Asian American student reflects over summer events

Kelly Tran

Throughout the COVID-19 pandemic, and even after the distribution of the vaccine, I have come to reckon with my race in a way I haven’t acknowledged before. Before the pandemic, being hated because I was Asian American never seemed overt. Sure, there were stereotypes and whispers, but I was content to ignore them—until last summer.

In May 2021 the BBC reported that the advocacy group Stop APPI Hate received more than 2,800 nationwide reports of hate incidents against Asian Americans and Pacific Islanders nationwide. In an August 2020 report, the United Nations stated that there’s been “an alarming level” of racially motivated violence against Asian Americans.

Overt violence has never been something that I’ve had to deal with as an Asian American living in the United States. My family and I have managed to find a community within the small density of Vietnamese-Americans living near the Atlanta area. It was easy to ignore the snide comments that came with my race because they were just words. It wasn’t until the summer that I, and so many others, were forced to realize that words in a country ruled by white supremacy weren’t just words; they were words that had the power to morph into unmistakable racial violence.

My stereotypes were never ones that would generate me as an enemy. As an Asian-American woman, I would be infantilized sooner than established as a criminal. I would be deemed submissive and subdued, and therefore not a threat. In some ways, my stereotypes have protected me from the overt racial violence that Black and brown people nationwide face everyday. My race has afforded me some amount of protection. But this protection is conditional. I will not always be protected.

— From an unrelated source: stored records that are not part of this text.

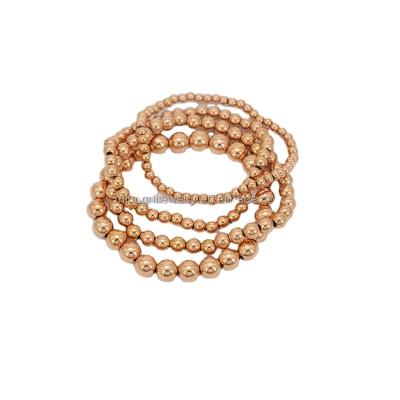 China Stainless Steel TRENDY Jewelry Beaded Bracelets 4/5/6/8mm Pearl Rose Gold Bracelet Gift For Women for sale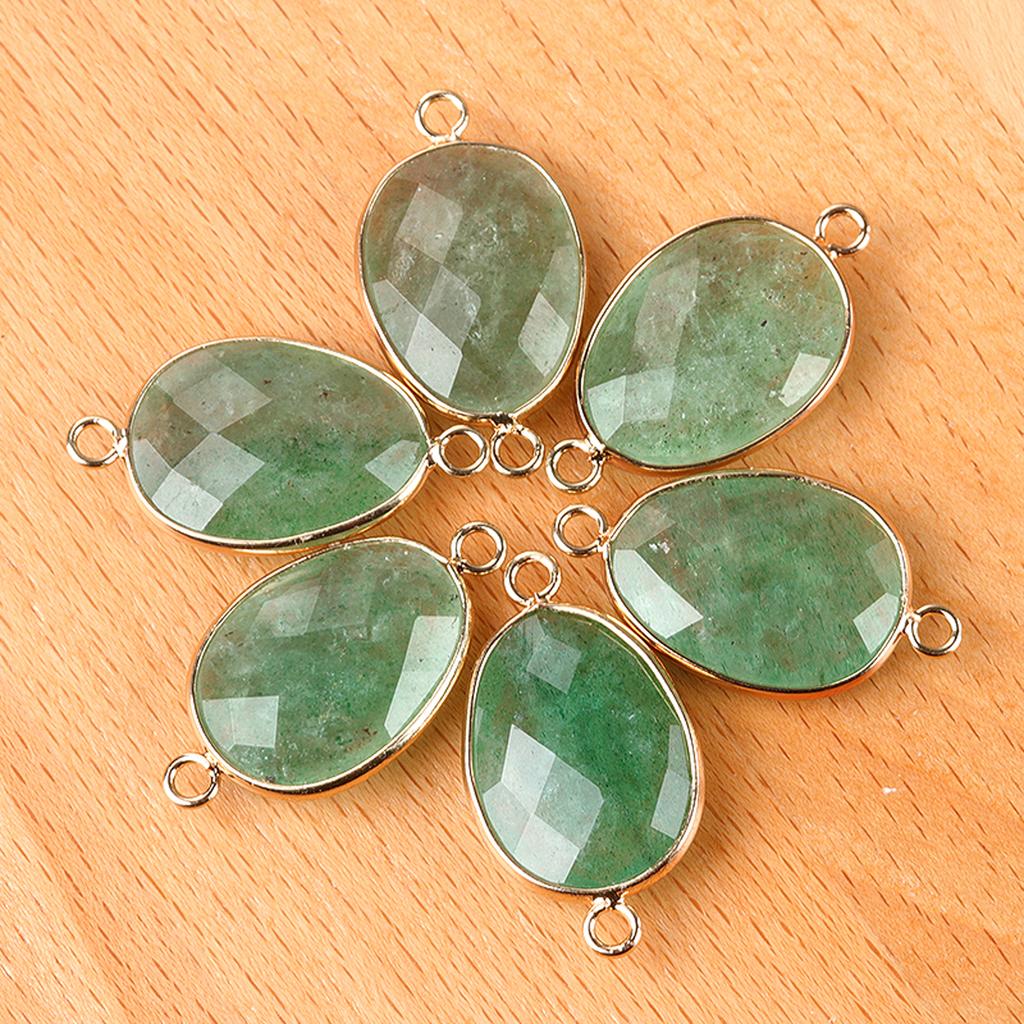 1Pc, Natural Crystal Agate Faceted Irregular Link Connector 23*18mm Zinc Alloy Wrapped Double Ring Stone Charm For Handmade Jewelry Craft Supplies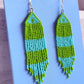 Blue Green Fringe Earrings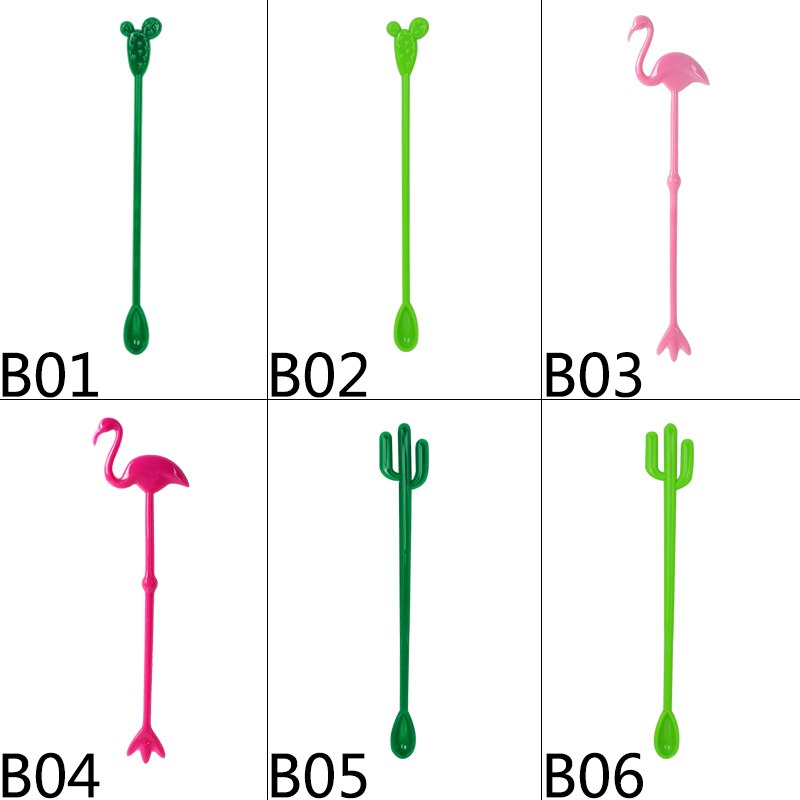 Agitateur de boissons en plastique, 6 pièces, pour fête d'été, fête tropicale, décoration de fête hawaïenne, flamand rose, agitateur de boissons, café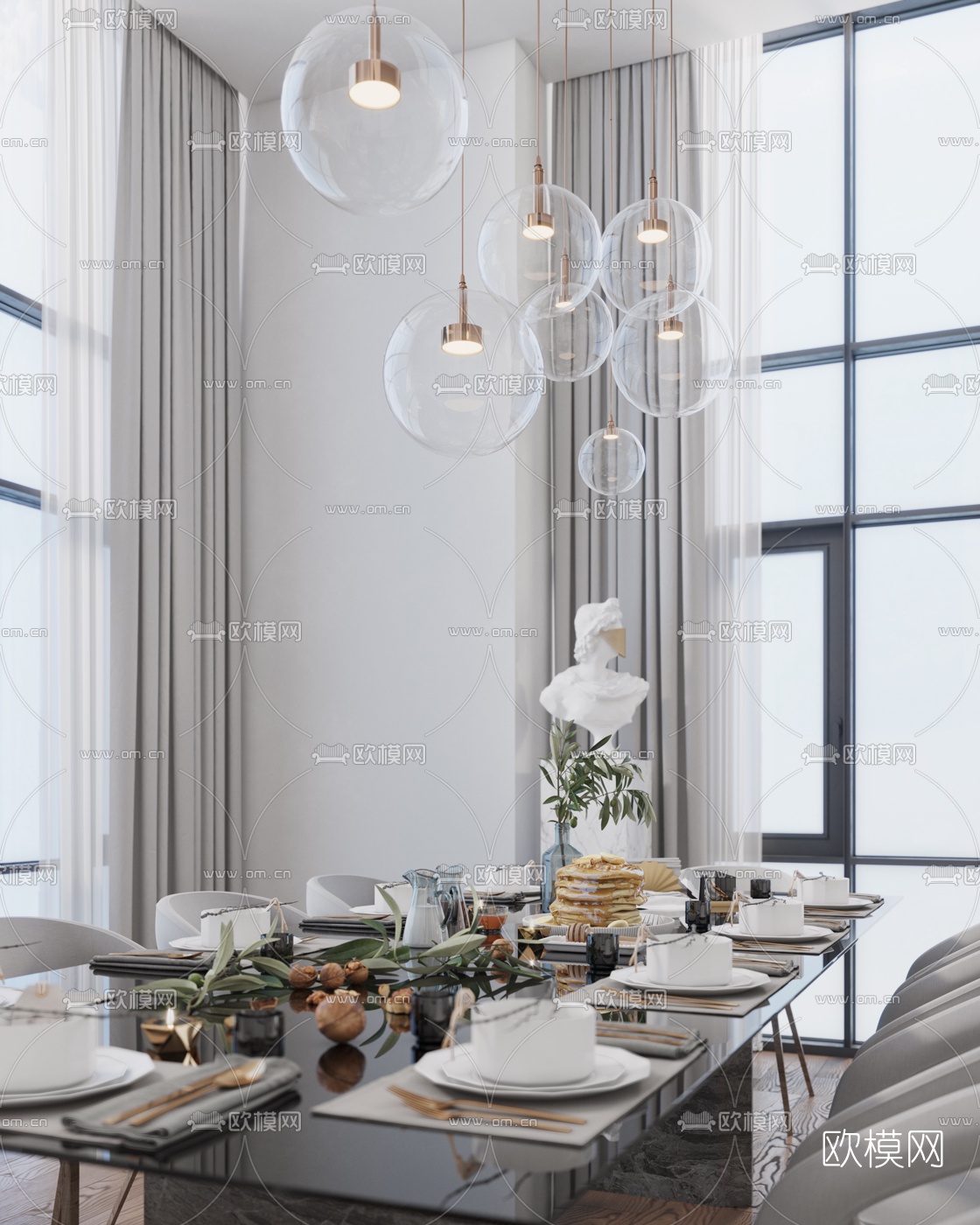 现代条形餐桌椅3d模型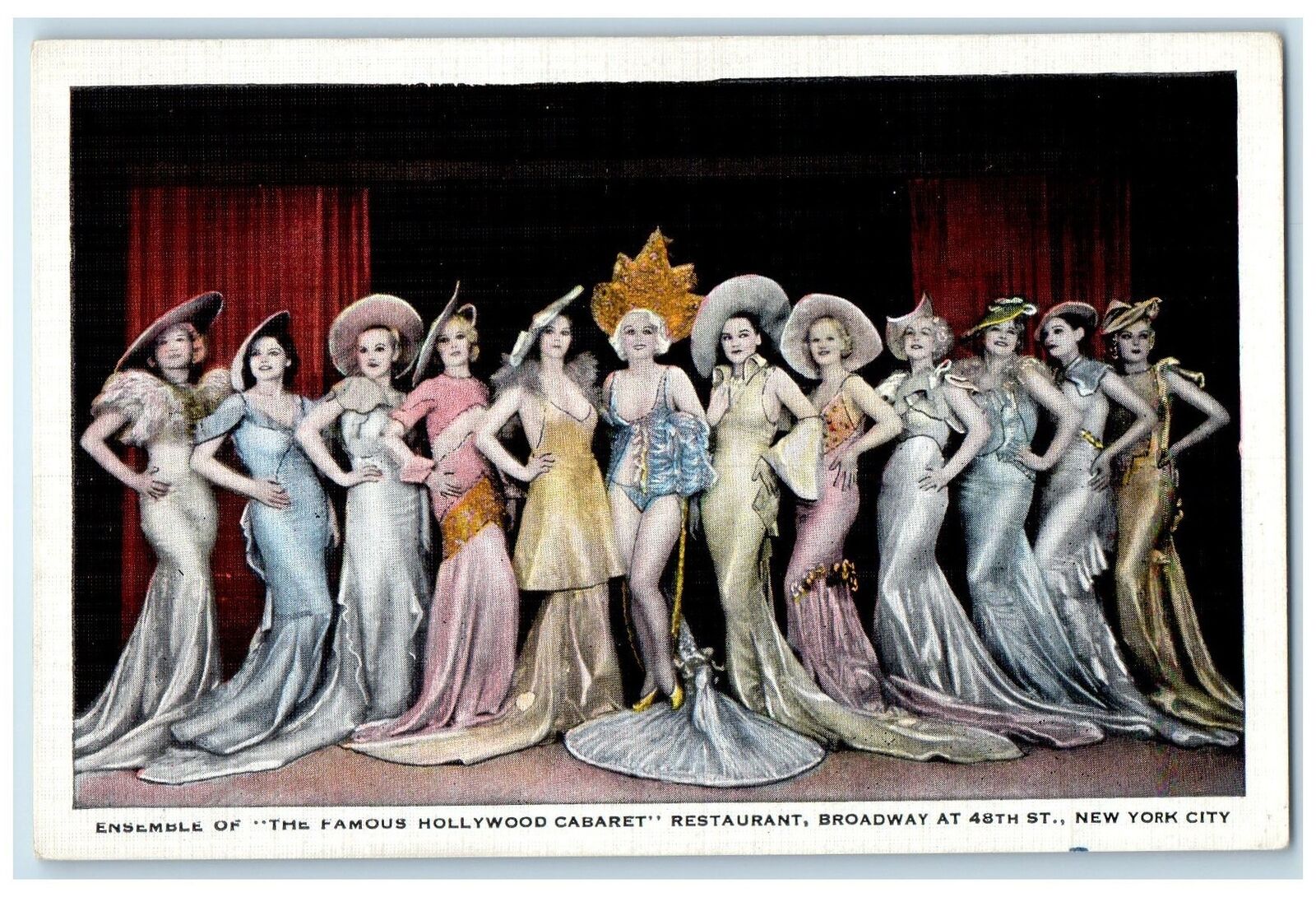 c1940's The Famous Hollywood Cabaret Restaurant New York City New York Postcard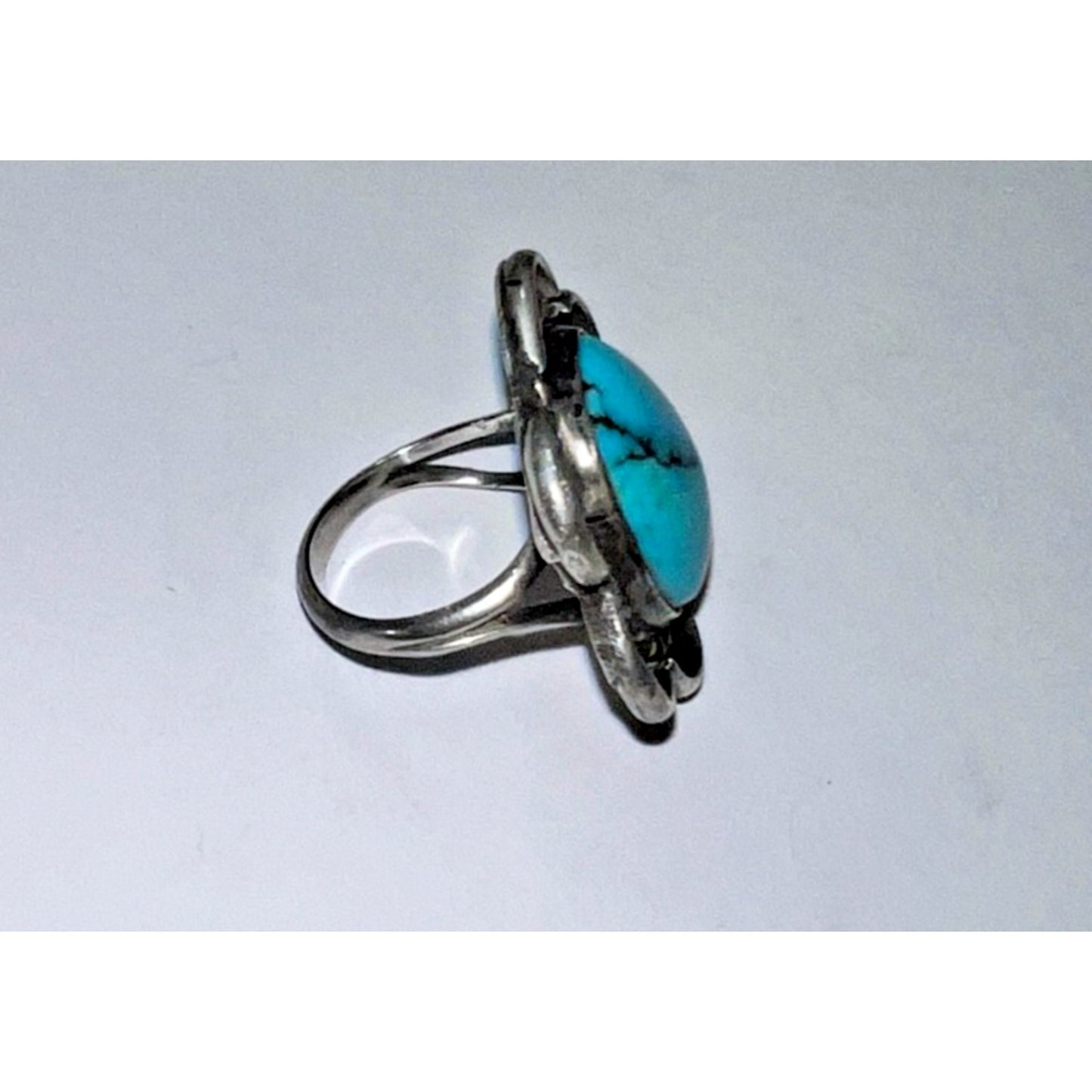 Vintage Navajo Sterling Silver Kingman Turquoise Statement Ring Rope Bezel Sz 6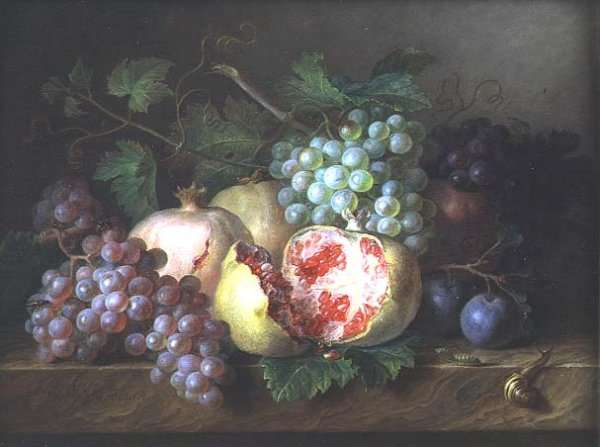 Still life of pomegranates, grapes and plums on a marble ledge by Romanticism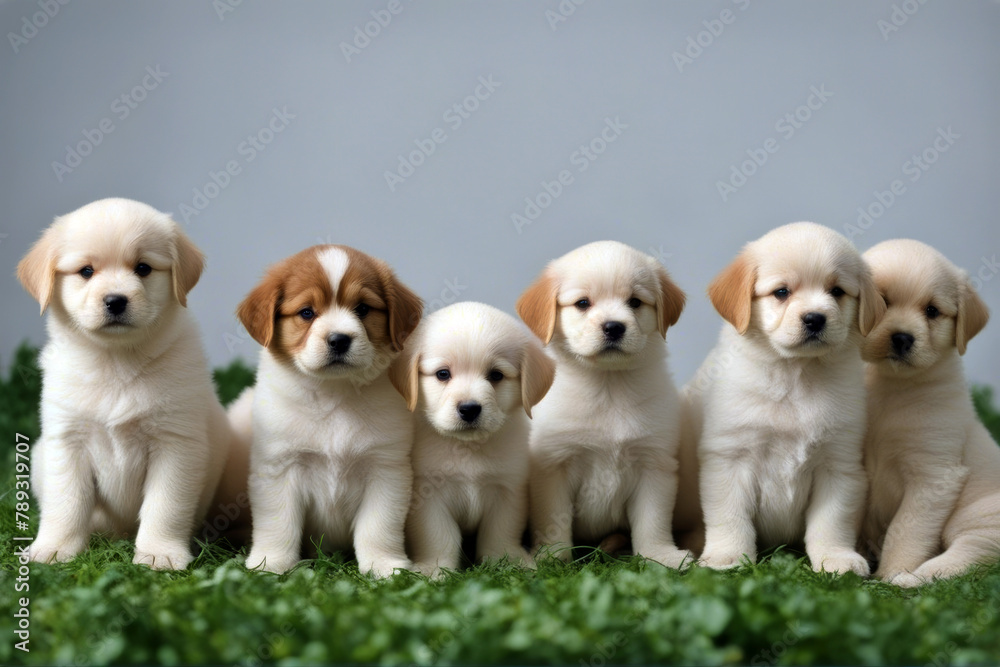 background white Group puppies sitting front canino german shepherd dog togetherness bernese mountain isolated studio view standing pet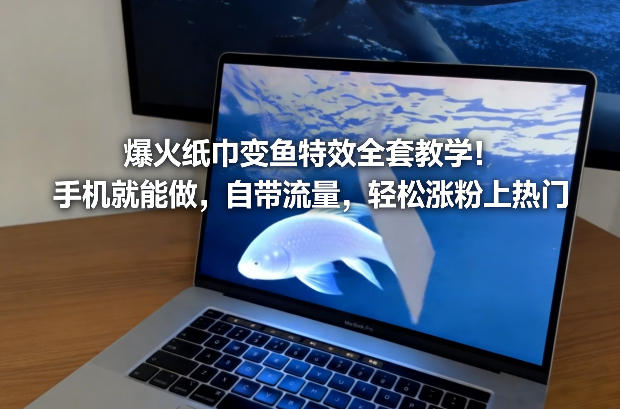 爆火纸巾变鱼特效全套教学！手机就能做，自带流量，轻松涨粉上热门-云网创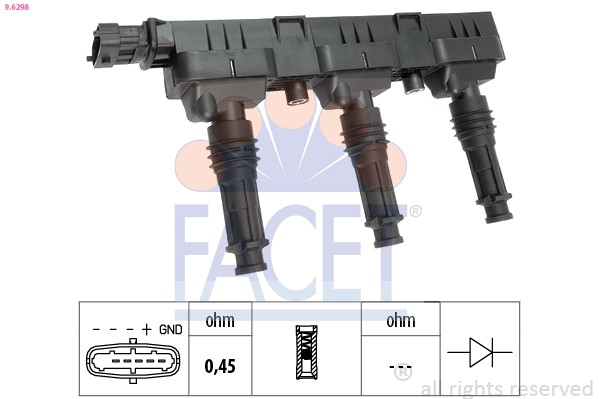 Bobine d'allumage FACET 9.6298 pour Opel Corsa C et Agila essence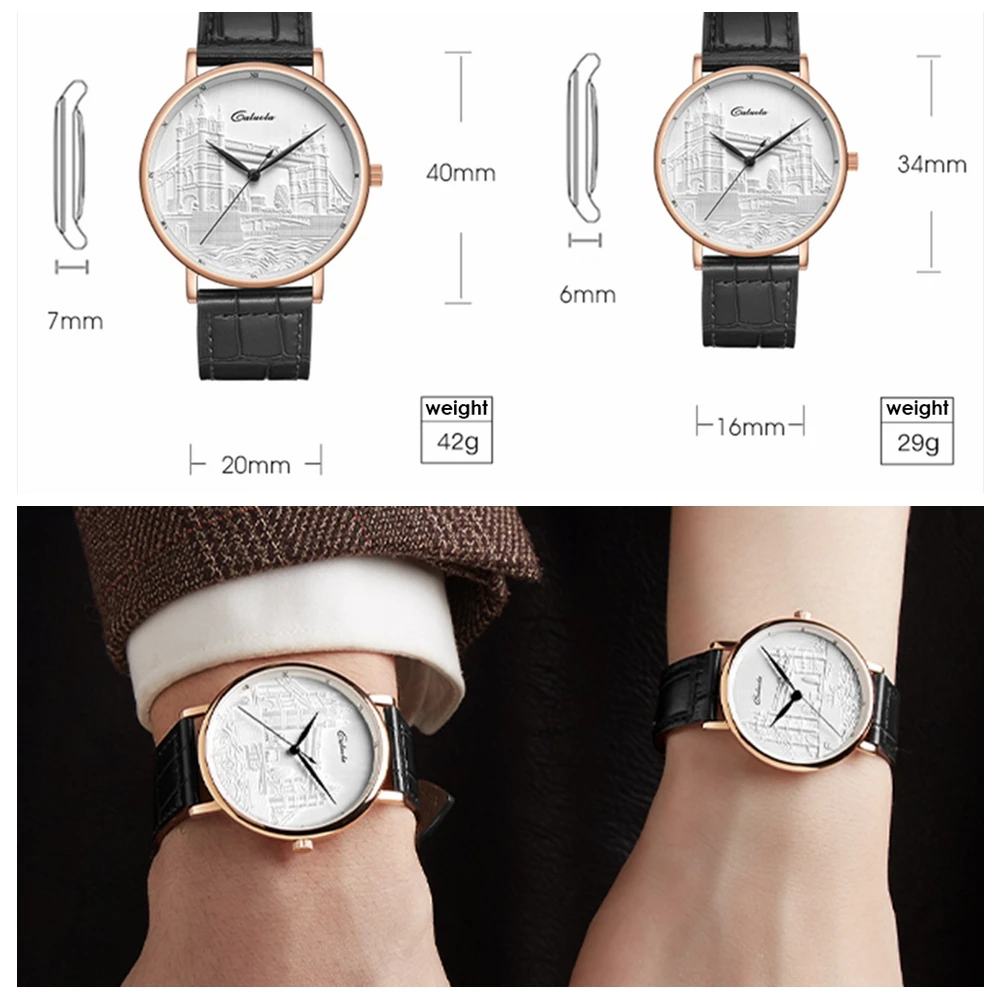 Luxury Watch Men London Bridge Couple Watches 40mm Top Brand Quartz Wristwatches Fashion 3D Relief Dial Ultrathin Clocks CALUOLA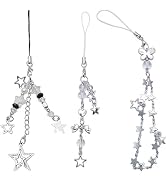 WsjiaboFux Pack of 3 Star Phone Charm Keychain Bag Accessory Star Phone Strap Jewelry Alloy Mater...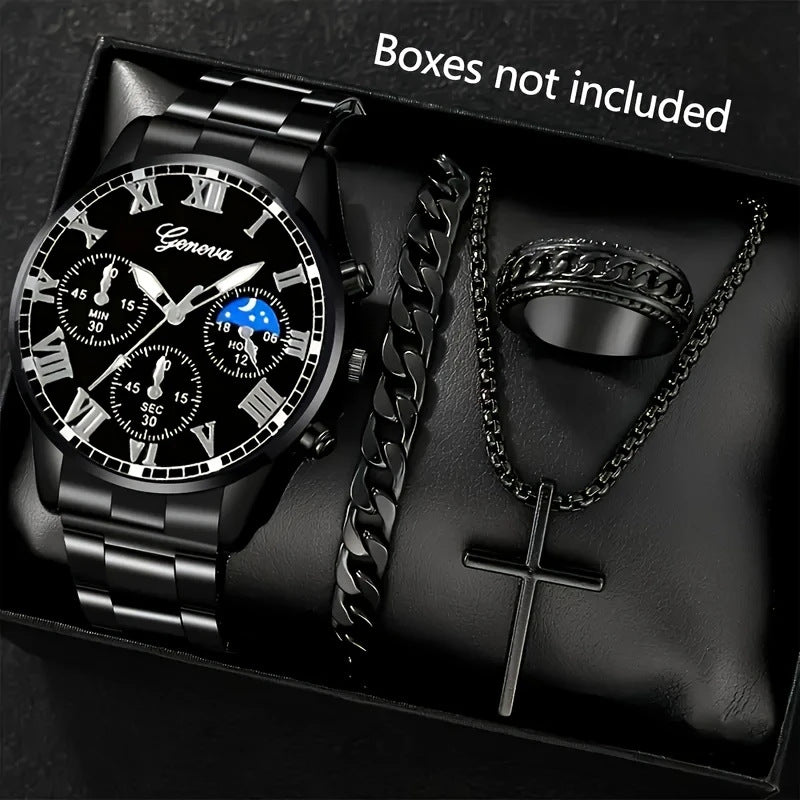 Cross-Border Hot-Selling Watch Set Fake Three-Eye Watch Men's Steel Band Glass Quartz Watch Business High-End Men's Watch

The assault of the Asian elderly, the defacement of Asian businesses, and finally, the violence that appeared in our very own city with the Atlanta Spa Shootings prove that white supremacy will always find a scapegoat. That it will always find a way for me to be at fault even when I am not.

These summer events, and the violence that began at the start of the COVID-19 pandemic, have shown me that words are not just words. They are expressions of damaging thoughts that have the capacity to morph into violent actions. These violent actions have shown me that the tools my parents taught me to avoid racially motivated violence don’t work anymore. My silence isn’t a way to save myself, but a path to stifle myself. Believing words were just words ignored the proliferation of ignorance and the intent behind them.

I, like many other Asian-Americans across the nation, have been forced to realize that even if we are able to find ourselves a community, we are still at risk. Silence in the face of racialized comments isn’t a way to protect myself, it’s an acceptance of my own oppression.

Being quiet isn’t an answer anymore. Not when Black and brown people are dying around us and our grandparents can be threatened for walking on the street and having slanted eyes. COVID-19 has forced Asian Americans to realize that our subdued and passive nature is interpreted as acceptance. Silence and passiveness are tools of a bygone era. While our parents used those tools to focus on raising us and building themselves up in a new world where their lives were dominated by their status as immigrants, we must live differently. We, young Asian Americans, have the education, the citizenship, and above all, the English to empower us in a way our parents were never able to.

We must use our voices to speak up not only against the oppression happening against our own community but also the violence that is perpetuated against other minority communities. Our protection has run out of time.